Start by executing the following code cell to generate $5000$ samples from a Weibull distribution, save them as data, and plot a histogram of the values. For the remainder of this notebook, this will be our underlying population distribution.

set.seed(12345)
# Generate random values from a Weibull distribution
data = rweibull(5000, 1.5, scale=1)
# Plot a histogram of the values
breaks = seq(0, 4, 0.25)
hist(data, breaks=breaks)

Does this distribution look particularly normal? No, it has a long right tail and seems to have a hard cutoff at $x=0$. Let’s see how this impacts the CLT.

But first, what is the population mean? Use the mean() function to find out.

mean(data)

0.902832458756059

In reality, we won’t know the underlying population’s distribution. The best we can do is pull a sample from the population and test that. However, that leads to some questions like:

  • Is the sample mean a good estimate for the population mean?
  • How many samples do I need for my sample mean to be a good estimate of the population mean?

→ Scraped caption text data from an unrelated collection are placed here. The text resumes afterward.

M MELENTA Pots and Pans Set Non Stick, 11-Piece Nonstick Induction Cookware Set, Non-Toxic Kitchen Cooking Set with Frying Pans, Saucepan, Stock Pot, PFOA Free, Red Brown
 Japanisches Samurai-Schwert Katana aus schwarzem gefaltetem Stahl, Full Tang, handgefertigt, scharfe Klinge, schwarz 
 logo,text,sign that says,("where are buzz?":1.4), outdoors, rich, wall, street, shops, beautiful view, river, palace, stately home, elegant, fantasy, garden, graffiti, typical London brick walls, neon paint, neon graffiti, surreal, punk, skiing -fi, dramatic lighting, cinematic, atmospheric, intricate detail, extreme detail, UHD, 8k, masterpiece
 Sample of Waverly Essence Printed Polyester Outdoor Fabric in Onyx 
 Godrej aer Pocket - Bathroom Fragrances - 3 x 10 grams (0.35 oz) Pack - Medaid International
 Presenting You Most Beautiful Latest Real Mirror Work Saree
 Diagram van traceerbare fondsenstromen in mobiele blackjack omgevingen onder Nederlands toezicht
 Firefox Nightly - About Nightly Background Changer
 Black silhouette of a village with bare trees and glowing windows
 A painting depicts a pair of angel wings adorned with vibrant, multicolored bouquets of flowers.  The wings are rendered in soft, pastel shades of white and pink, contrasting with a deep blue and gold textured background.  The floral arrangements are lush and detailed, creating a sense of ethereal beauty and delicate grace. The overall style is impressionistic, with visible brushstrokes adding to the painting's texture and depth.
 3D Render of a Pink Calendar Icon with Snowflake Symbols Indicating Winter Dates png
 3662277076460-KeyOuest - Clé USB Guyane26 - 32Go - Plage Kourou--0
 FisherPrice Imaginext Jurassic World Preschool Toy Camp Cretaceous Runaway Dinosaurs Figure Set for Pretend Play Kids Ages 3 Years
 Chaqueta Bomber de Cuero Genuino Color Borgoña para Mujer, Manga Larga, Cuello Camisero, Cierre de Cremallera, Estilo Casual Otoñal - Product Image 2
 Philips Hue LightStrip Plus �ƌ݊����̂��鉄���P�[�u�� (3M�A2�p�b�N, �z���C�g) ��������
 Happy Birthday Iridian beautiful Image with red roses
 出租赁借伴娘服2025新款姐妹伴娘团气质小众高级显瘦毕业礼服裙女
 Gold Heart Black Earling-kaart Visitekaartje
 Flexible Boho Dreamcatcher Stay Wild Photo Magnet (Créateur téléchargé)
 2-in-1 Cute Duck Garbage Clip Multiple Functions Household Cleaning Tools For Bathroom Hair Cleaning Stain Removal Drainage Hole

Those are some of the questions we’re going to answer. Finish the function below to return the mean of $n$ sample points from the data. That is, call sample(data, n) to generate $n$ samples from the population, then call mean() on those samples.

sample.mean <- function(data, n){
    # Finish this function
    # Sample n datapoints from the population
    # Return the mean of those n samples.
    return(mean(sample(data,n)))
}

Using the function you just defined, generate the mean of a sample with a sample size $n=5$. Is it a good approximation of the population mean?

sample.mean(data,5)

0.832583089764267

Notice that the sample mean $\bar{X}$ is a random variable, and will produce a different value each time we call sample.mean(). That means $\bar{X}$ has some distribution, which we can observe by generating many independent samples and plotting a histogram of the values.

To do this, we can use the replicate() function, which allows us to call a function multiple times and create a vector containing all the results. Try replicate(3, sample.mean(data, 5)) to create a vector of 3 sample means.

replicate(3, sample.mean(data, 5))

<ol class=list-inline><li>0.54969696130119</li><li>0.892258557283775</li><li>1.02802820781037</li></ol>

Generate 3 different vectors of sample means of sizes 10, 100 and 1000 respectively. For now, keep the sample size as $n=5$ for all the vectors. Plot your results with histograms. Note that it may be helpful to have a fixed x-axis, so you can see how the histograms compare on the same scale. To do this, include xlim=c(0,2) as a parameter in your call to hist(). What do you notice?

# Generate 10 sample means with n=5 and plot the results
hist(replicate(10, sample.mean(data, 5)),xlim=c(0,2))


# Generate 100 sample means with n=5 and plot the results
hist(replicate(100, sample.mean(data, 5)),xlim=c(0,2))


# Generate 1000 sample means with n=5 and plot the results
hist(replicate(1000, sample.mean(data, 5)),xlim=c(0,2))

Now change the sample size and see how that affects the results. Generate 3 vectors of 100 samples means, coming from samples of sample sizes 5, 50, and 500. Plot your results. Again, it may be helpful to have a set x-limit on your histograms. What do you notice?

# Generate 100 sample means with n=5 and plot the results
hist(replicate(100, sample.mean(data, 5)),xlim=c(0,2))


# Generate 100 sample means with n=50 and plot the results
# Generate 100 sample means with n=5 and plot the results
hist(replicate(100, sample.mean(data, 50)),xlim=c(0,2))


# Generate 100 sample means with n=500 and plot the results
# Generate 100 sample means with n=5 and plot the results
hist(replicate(100, sample.mean(data, 500)),xlim=c(0,2))

The important things to notice are:

  • The distribution of $\bar{X}$ is approximately normally distributed, even though our underlying population is not normal.
  • The mean of the sample distribution is about $0.9$, which is approximately the same as the mean for the population distribution.
  • The variance of the sample distribution decreases as the sample size increases.

These ideas are the Central Limit Theorem!